When to use: every time a run fails or degrades and the cause is not obvious — especially the "it worked yesterday" failures that prompt tweaks do not fix. Run it before you touch the prompt, so you find out whether the bug is in the model's behavior or in the plumbing feeding it. Pair it with the data-analysts skill stack when the failure is a metric drift you need to trend rather than a single broken run.

Also from gstack. It walks back through the conversation, takes the most recent successful flow, and codifies it into a permanent, tested skill on disk — script, test, and fixture — so the next run executes the saved version instead of re-deriving it. For an AI engineer this is how an agent flow that finally works stops being a one-off you reconstruct from memory and becomes a named, committed, test-covered artifact. The generated test is the quiet payoff: it pins the behavior, so the next time you change the prompt or swap the model you find out immediately whether you improved the flow or broke it — which is the regression check most agent work never has, and the reason agents that worked in a demo quietly rot in production.

When to use: the moment an agent flow crosses from "experimenting" to "I want this exact behavior every time," before the working version scrolls out of reach. Treat the committed skill as the canonical version of that flow, and let its test be the gate any future change has to clear. Pair it with spec above so the flow you codify is the one that actually met the criteria you wrote down.

Also from gstack. A persistent store of what the project has learned across sessions, with commands to review, search, prune, and export it, plus a proactive nudge when you ask about a past pattern or wonder "didn't we solve this before?" For an AI engineer this is the eval-and-pattern memory that actually gets used, because it is searched from inside the same tool doing the work rather than living in a doc nobody opens. LLM development generates a steady stream of hard-won findings — this embedding model beat that one on our data, this chunk size stopped the hallucination, this retry pattern fixed the timeout — and the recurring waste is rediscovering the same finding three months later because it lived in a Slack thread that scrolled away. A searchable learnings store is the cheapest defense against re-running an experiment you already ran.

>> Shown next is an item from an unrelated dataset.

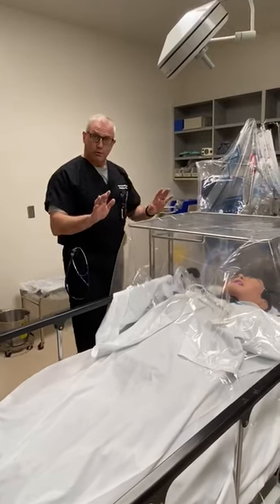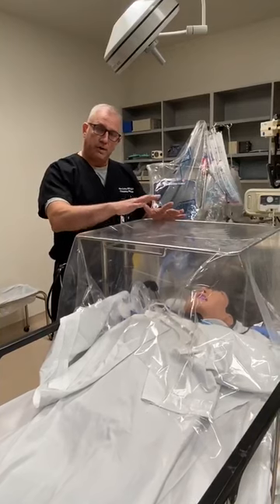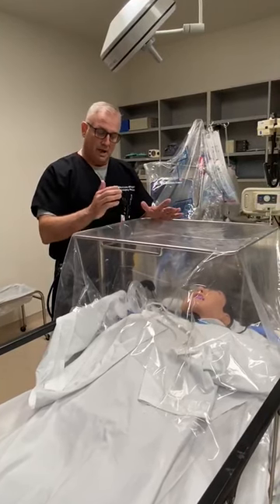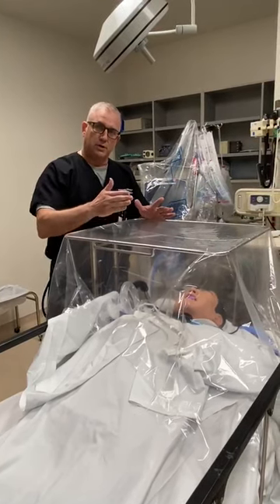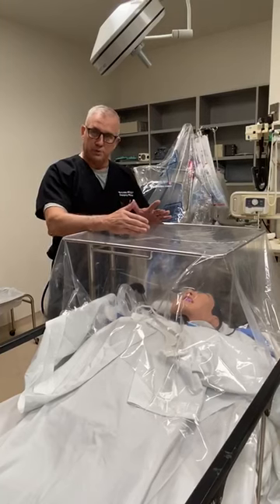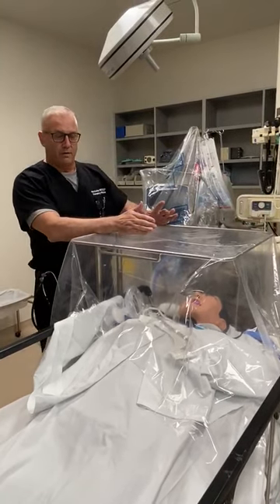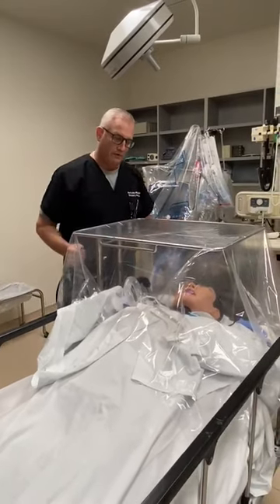The most important thing about this process is before you start the procedure you want to make sure you have everything underneath your tent that you're going to need — everything from your bag valve mask device, your suction, your endotracheal tube, your laryngoscope, as well as the tubing that you're going to use for the ventilator. That way everything is enclosed underneath here and you don't have to come out.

When to use: write a learning every time an eval produces a non-obvious result or a change measurably moves a metric, and search it at the start of any new pipeline before you re-derive a finding you already proved out. Prune on a cadence so stale results do not mislead a future decision. For findings and rubrics that need to live as real, linkable documents in a knowledge base, the obsidian-skills plugin ships a verified obsidian-cli skill (33,445 stars) that reads, creates, and searches notes in an Obsidian vault from the command line.

How to install

Three of the eight skills live in the cli plugin (425 stars, verified, by Firecrawl) and five in gstack (104,138 stars on garrytan/gstack, MIT, verified — the largest and most active plugin in the index), so install is a two-marketplace operation, and Skill Index has the exact install command on each skill detail page with a copy button. The highest-ROI sequence for an LLM-app build: use firecrawl-search, firecrawl-crawl, and firecrawl-parse to assemble clean, embed-ready grounding context from the web and from local files. Write the agent down with spec before you build it, so the success criteria exist before the first prompt. Gate every change through codex — especially challenge mode against the brittle parsing paths — and when something breaks, root-cause it with investigate instead of tuning the prompt blind. When a flow finally works, skillify it into a tested artifact and write the finding into learn so the next iteration starts from your best version, not from scratch. Bracket the deep build sessions with focused blocks via focus.thicket.sh, and the work stops being a string of one-off experiments and starts being a measured pipeline you can defend.